(Francesco Erspamer) – Mi auguro che domani Conte e Grillo ci rassicurino sulla solidità del loro rapporto in modo da porre fine alle speculazioni della stampa tutta (“Fatto quotidiano” incluso, in particolare come al solito la sua versione iperliberista, quella online diretta da Gomez); qualunque cosa si pensi del M5S e della sua evoluzione, è essenziale che continui a esistere, per il bene del paese e per assicurarne la tenuta democratica. Tuttavia è opportuno rendersi conto che ciò che è avvenuto ha cause profonde che vanno comprese, affrontate, risolte. Sono parecchie ma in questo intervento mi soffermerò su una delle principali: all’origine dei contrasti fra Conte e Grillo c’è un drammatico vuoto di ideologia. Entrambi ragionano tatticamente e sono abili a reagire in tempo reale a situazioni concrete ma non si interessano di strategie di lungo termine, non sanno fare propaganda e proprio non sanno cosa sia la teoria; di conseguenza, per giustificare il loro ruolo guida non hanno che la loro personalità ed è la loro personalità a far presa sui simpatizzanti. Il che andrebbe benissimo se il loro fosse uno dei tanti raggruppamenti (Lega, FdI, Pd, FI) che si limitano a intrattenere e distrarre gli italiani (essenzialmente fare gossip, dire qualsiasi cazzata che funzioni e incoraggiare il culto delle celebrity) mentre i miliardari e le loro multinazionali prendono le decisioni economiche e plasmano la società a loro immagine e convenienza.

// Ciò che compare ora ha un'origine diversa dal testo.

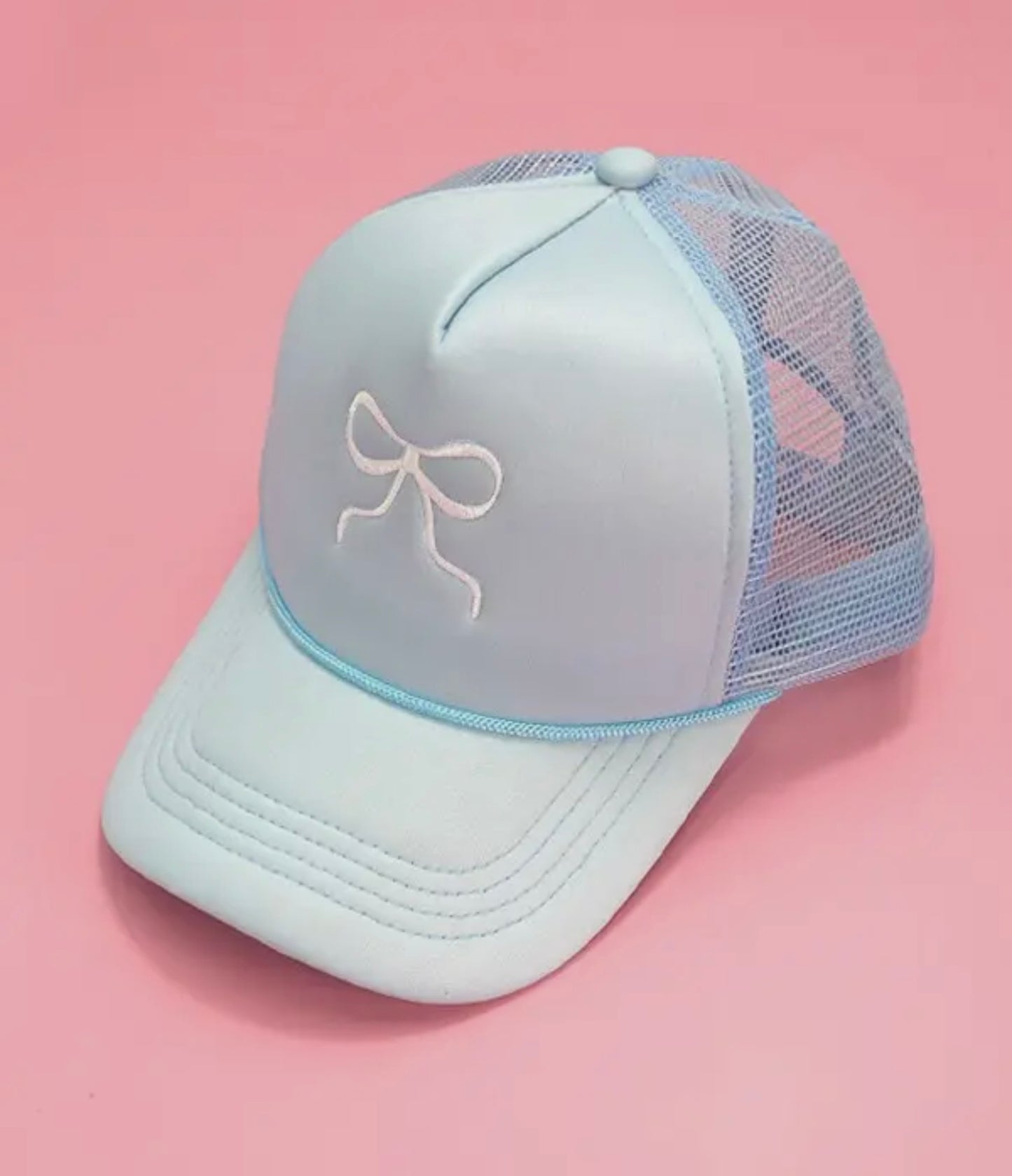 Blue Bow Trucker Hat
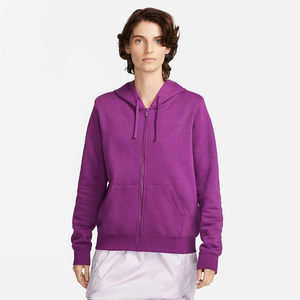 Sweat à capuche zippé en polaire décontracté pour femme, imprimé personnalisé, 100% coton, respirant, anti-boulochage, séchage rapide, haute qualité, couleur unie - Product Image 6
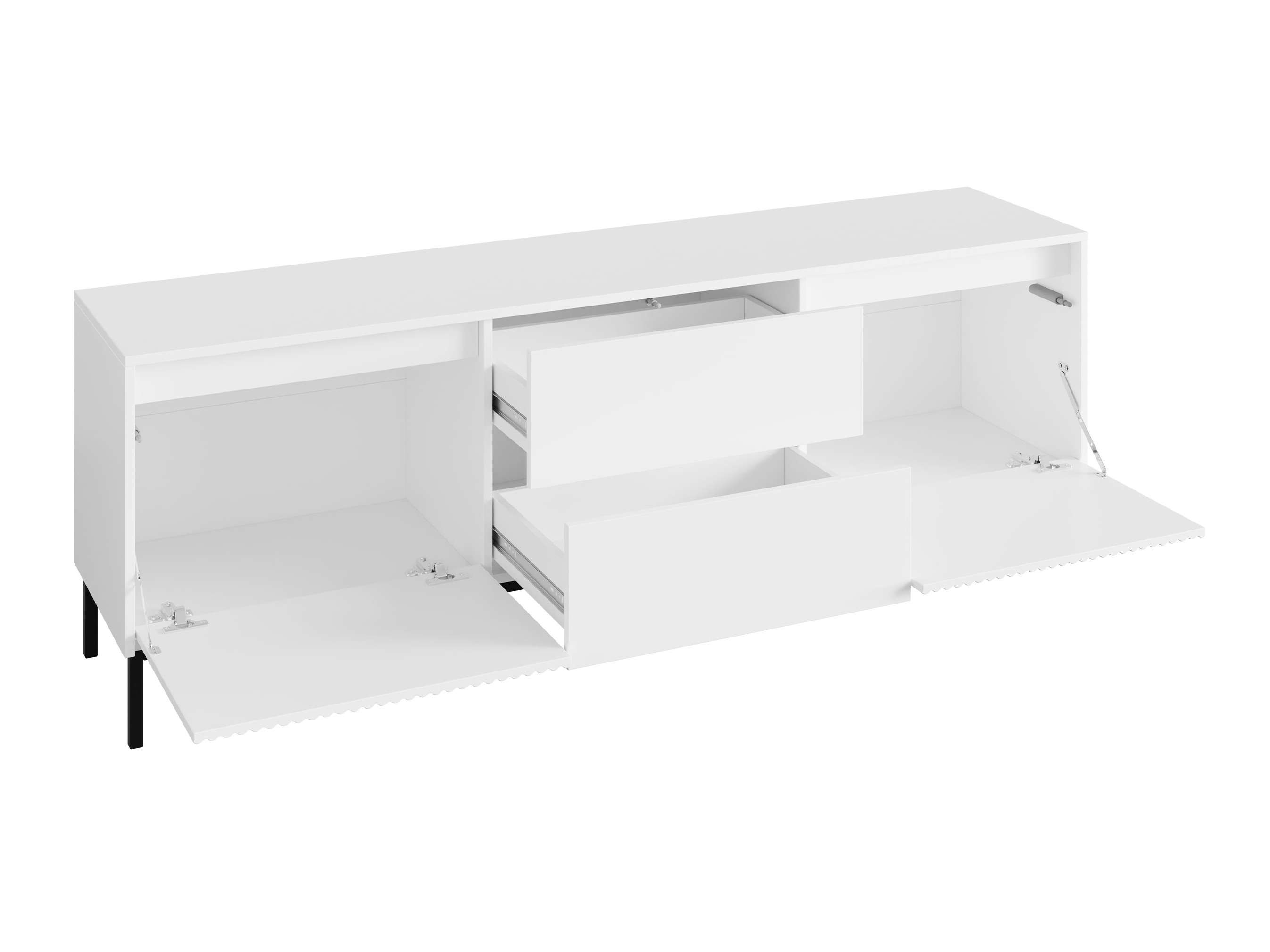 Set za dnevni boravak Comfivo Delruva 111 (Bijela)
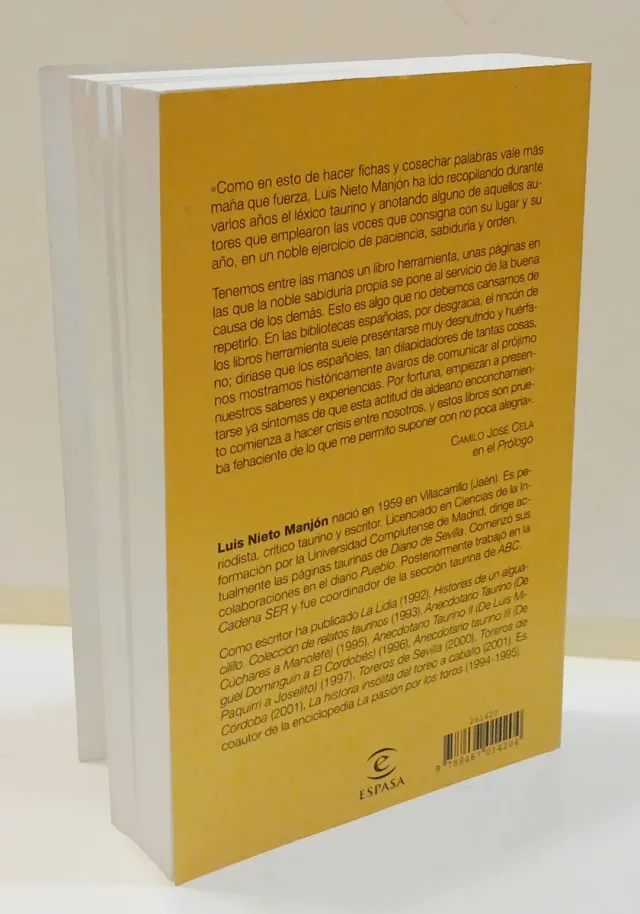 Diccionario de términos taurinos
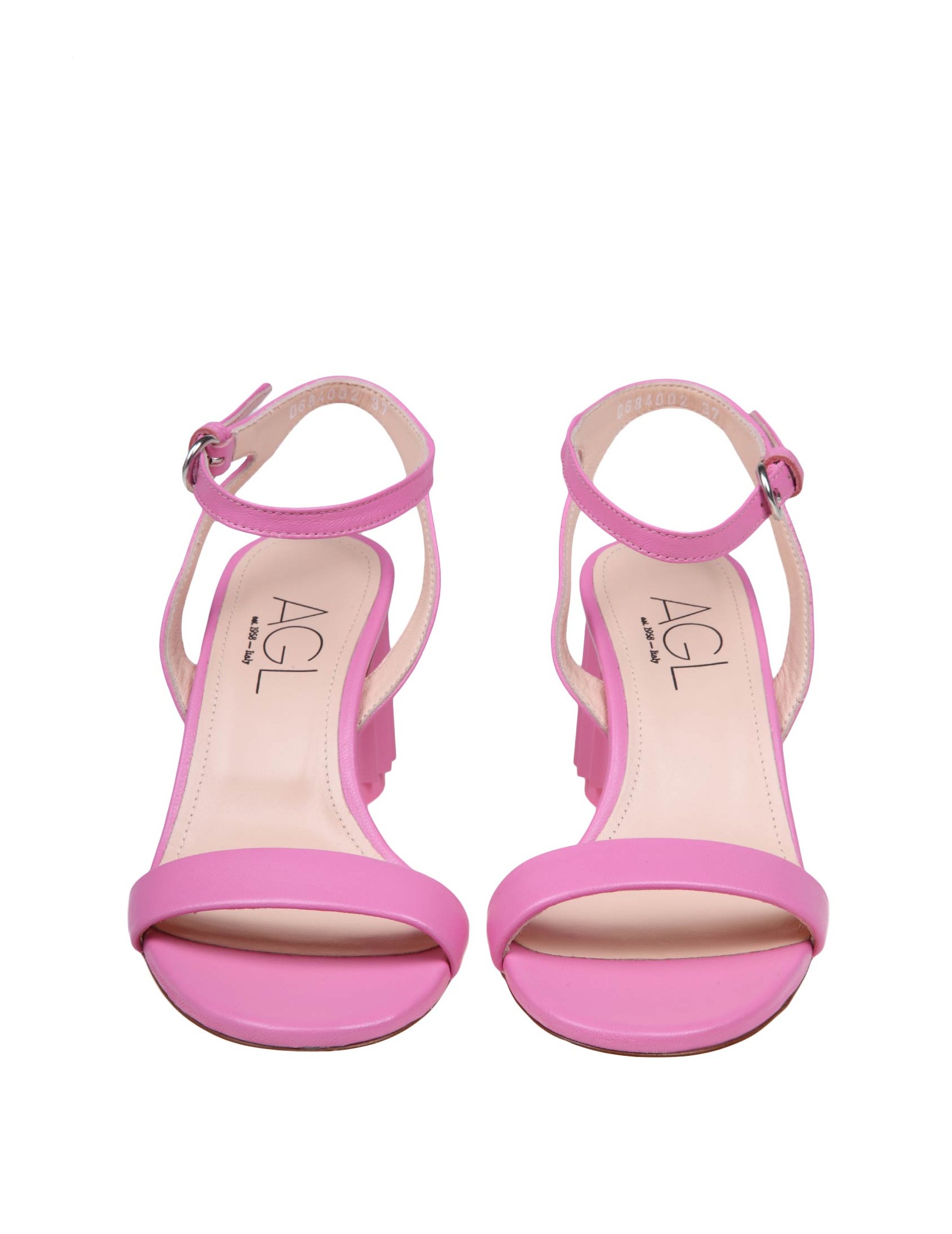 Sandalo rosa on sale con tacco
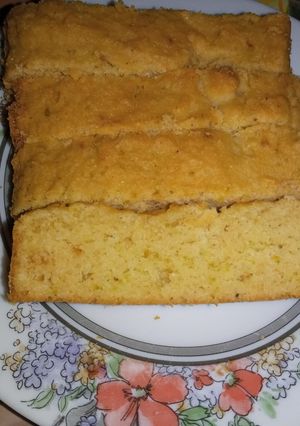 A picture of Blender orange cake.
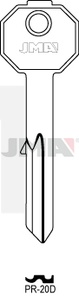 JMA PR-20D Cilindričan ključ (Silca PF215 / Errebi PL5D)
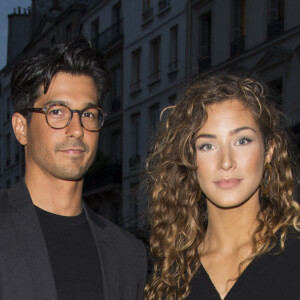 Manon Azem et son compagnon - Arrivées à la soirée "Her Time" Omega à Paris le 29 septembre 2017. © Pierre Perusseau/Bestimage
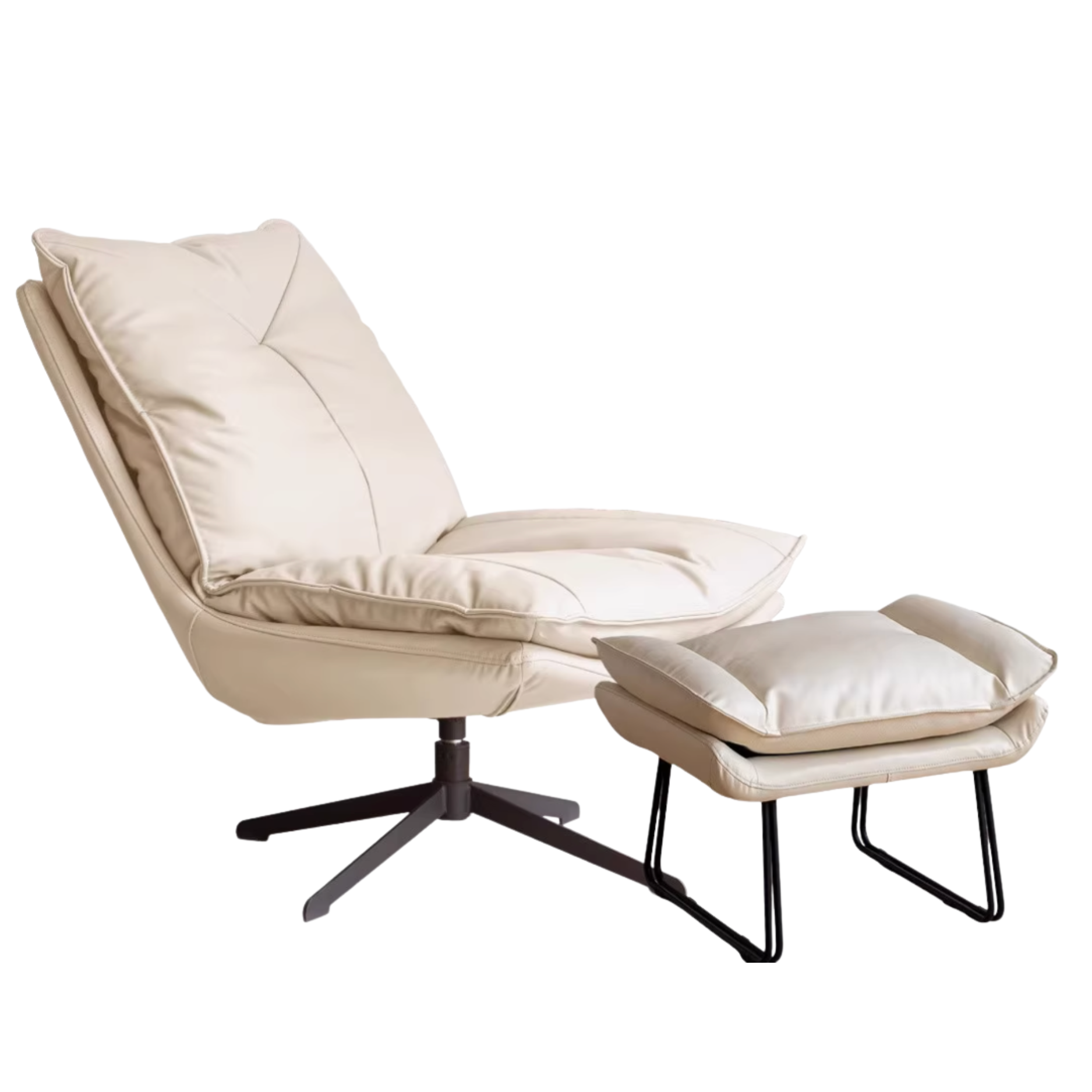 360° Organic Leather Recliner)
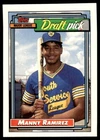 1992 Topps Manny Ramirez Rookie #156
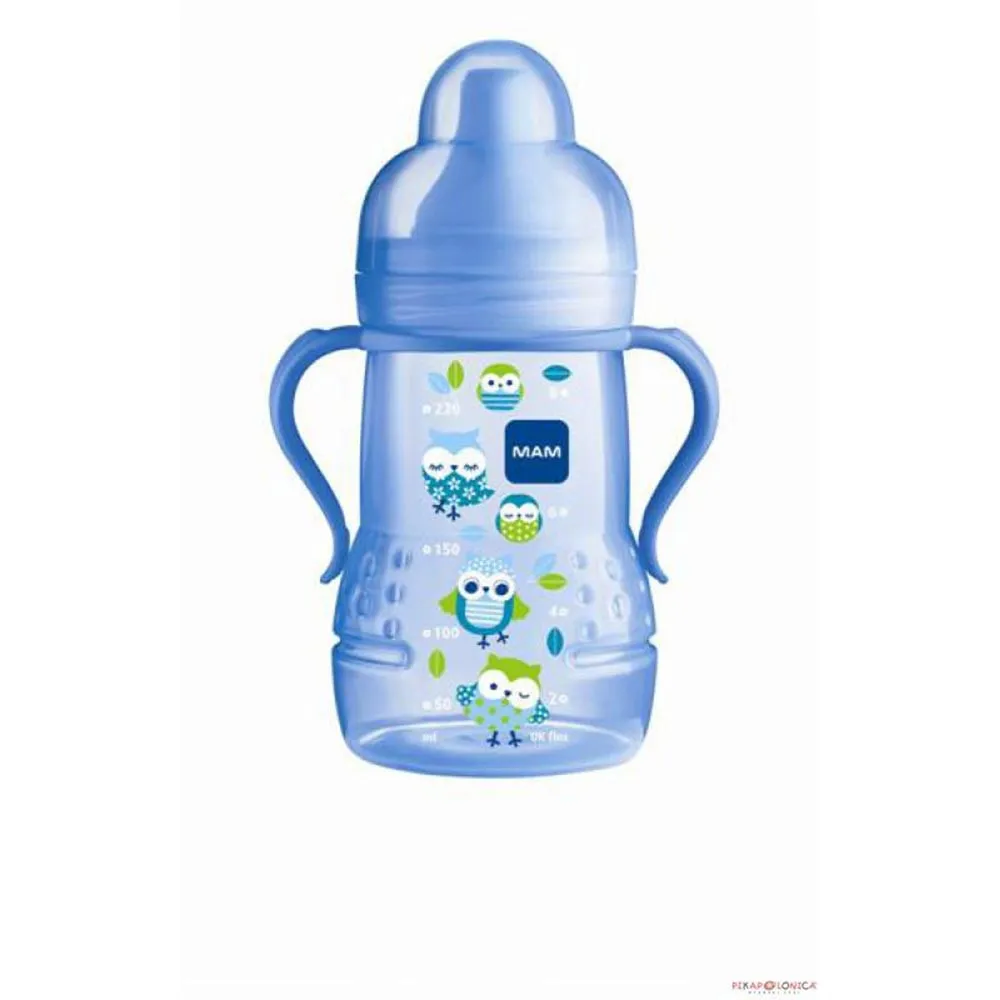 MAM FLASICA NO SPILL TRANSITION TRAINER 220ML  SILIKON 6M 
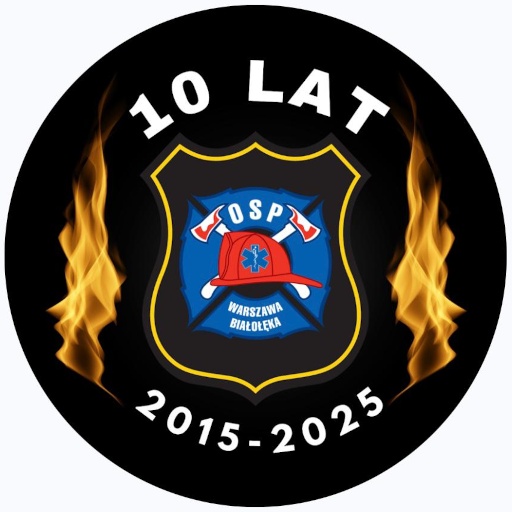 Logo- 10 lat OSP Białołęka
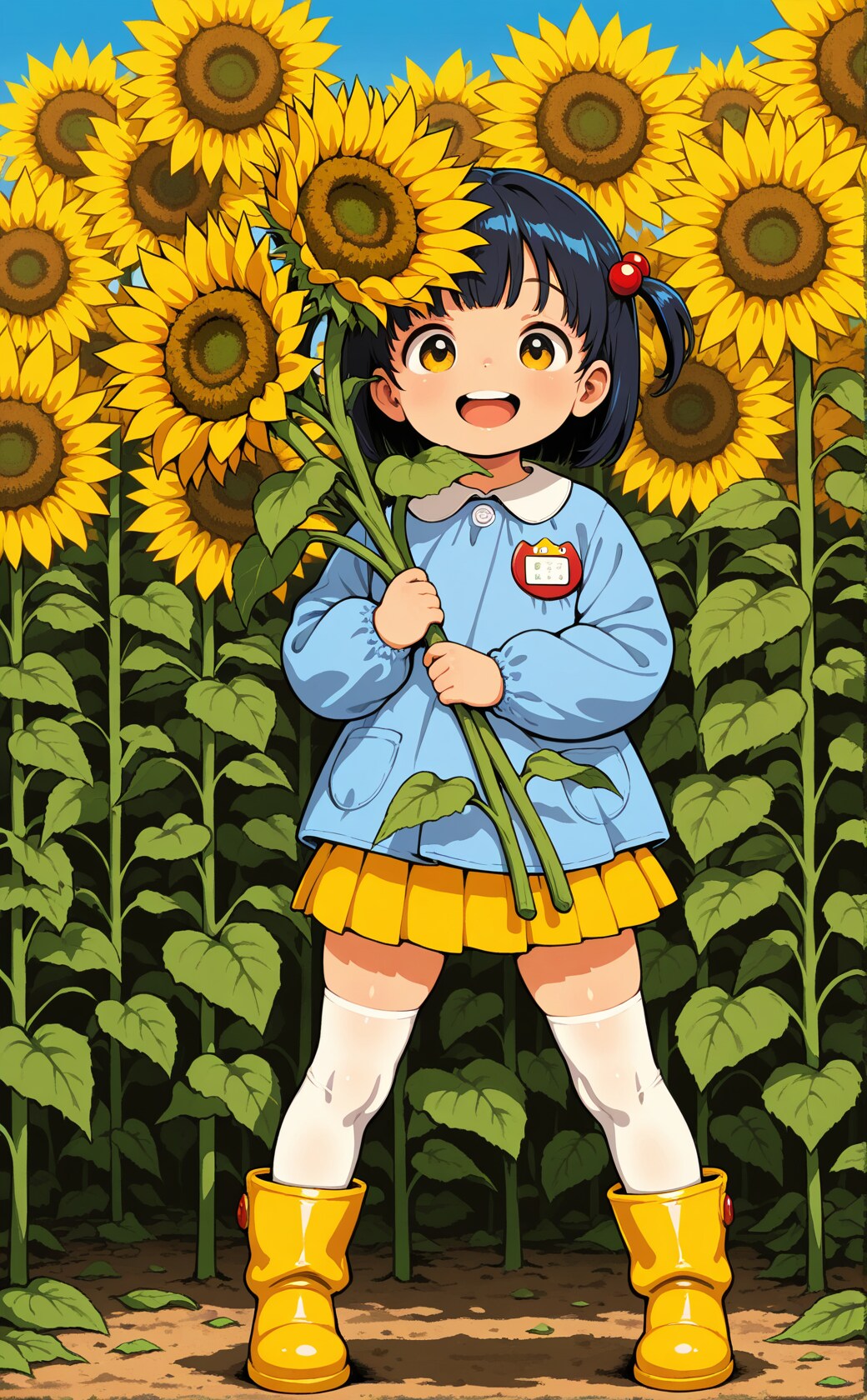 太陽の花の下で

Invece un partito che ambisca a cambiare il paese e che per questo si trovi in rotta di collisione con i poteri forti e il loro immenso apparato mediatico, non solo non può affrontarli sul loro terreno (e questo il M5S lo sa, anzi esagera nel suo rifiuto di sporcarsi le mani) ma neppure può accontentarsi di avere le intenzioni giuste; deve riuscire a farle apparire tali. E come riuscirci in condizioni di obiettiva debolezza? Inquadrando i propri propositi e interventi in una visione complessiva del paese e della società che prenda il posto di quelle dominanti o a cui la gente si è abituata. “La mente umana è naturalmente portata a dilettarsi dell’uniforme”, intuì Vico; c’è insomma uno svantaggio intrinseco, strutturale, nel vero cambiamento, in quanto chi lo propone deve essere in grado di dimostrarne i meriti senza poterne far fare esperienza: l’avvenire è sempre un’astrazione. Ora, la capacità di pensare astrattamente e dunque di imparare dal passato e di anticipare il futuro è ciò che ci distingue dagli animali; quando tale pensiero invece di esaurirsi in un sentimento irrazionale (negativo come l’angoscia o come il fatalismo o positivo come la speranza) si costringe all’uso della ragione, della logica e dell’analisi e si organizza in un progetto di lunga durata, allora nasce l’ideologia, concetto denigrato dal liberismo comunque travestito proprio per queste sue caratteristiche di persistenza e di rigore.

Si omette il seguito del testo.